Print the whole listing below exactly, skipping every picture.

* Recorded data:
++++++++++++++++++++
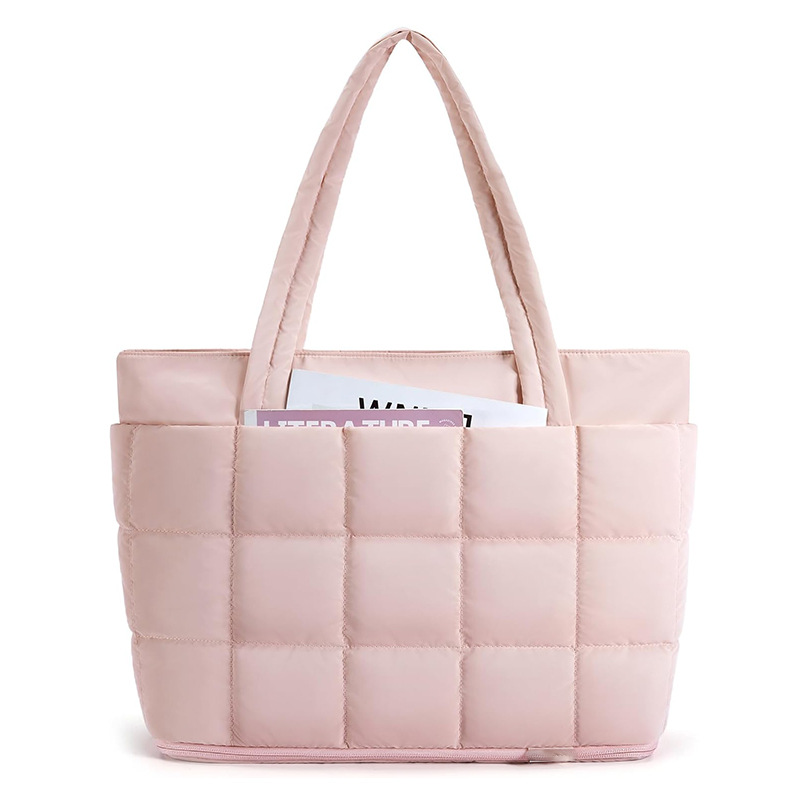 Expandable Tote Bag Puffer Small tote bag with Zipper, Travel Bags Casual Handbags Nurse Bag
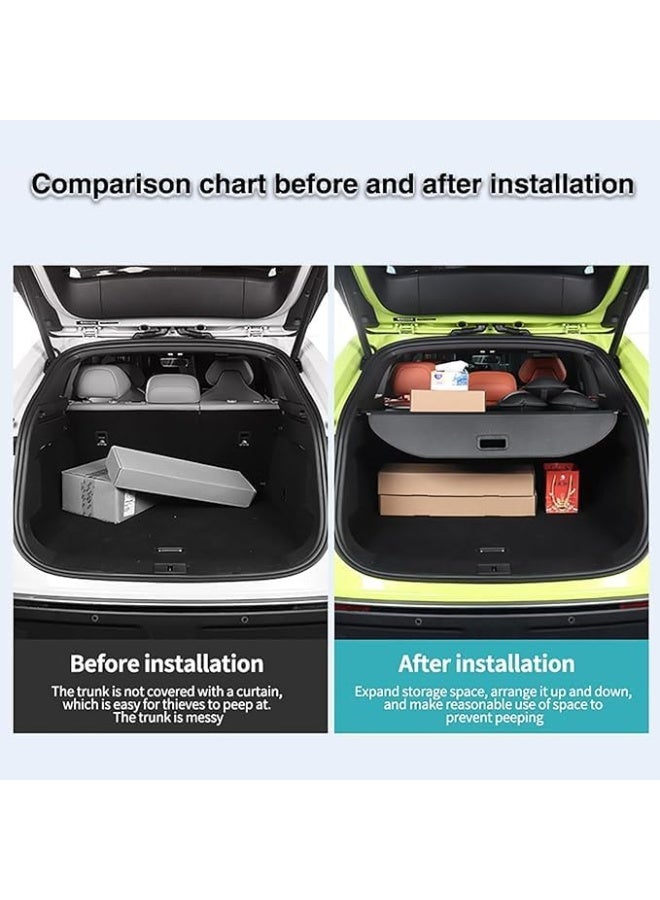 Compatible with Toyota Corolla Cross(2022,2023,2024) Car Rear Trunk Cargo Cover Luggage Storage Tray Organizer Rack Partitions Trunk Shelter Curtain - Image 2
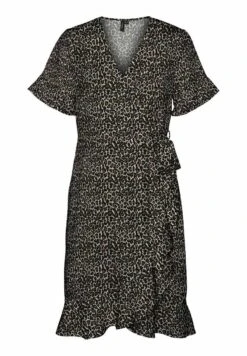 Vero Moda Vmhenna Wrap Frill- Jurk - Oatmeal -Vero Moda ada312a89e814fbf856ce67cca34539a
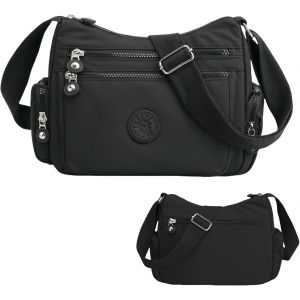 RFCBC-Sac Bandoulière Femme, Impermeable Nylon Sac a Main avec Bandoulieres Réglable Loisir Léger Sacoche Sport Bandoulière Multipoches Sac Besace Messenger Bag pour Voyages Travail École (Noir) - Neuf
++++++++++++++++++++
* Answer space:
 Expandable Tote Bag Puffer Small tote bag with Zipper, Travel Bags Casual Handbags Nurse Bag
 Compatible with Toyota Corolla Cross(2022,2023,2024) Car Rear Trunk Cargo Cover Luggage Storage Tray Organizer Rack Partitions Trunk Shelter Curtain - Image 2
 Vero Moda Vmhenna Wrap Frill- Jurk - Oatmeal -Vero Moda ada312a89e814fbf856ce67cca34539a
 RFCBC-Sac Bandoulière Femme, Impermeable Nylon Sac a Main avec Bandoulieres Réglable Loisir Léger Sacoche Sport Bandoulière Multipoches Sac Besace Messenger Bag pour Voyages Travail École (Noir) - Neuf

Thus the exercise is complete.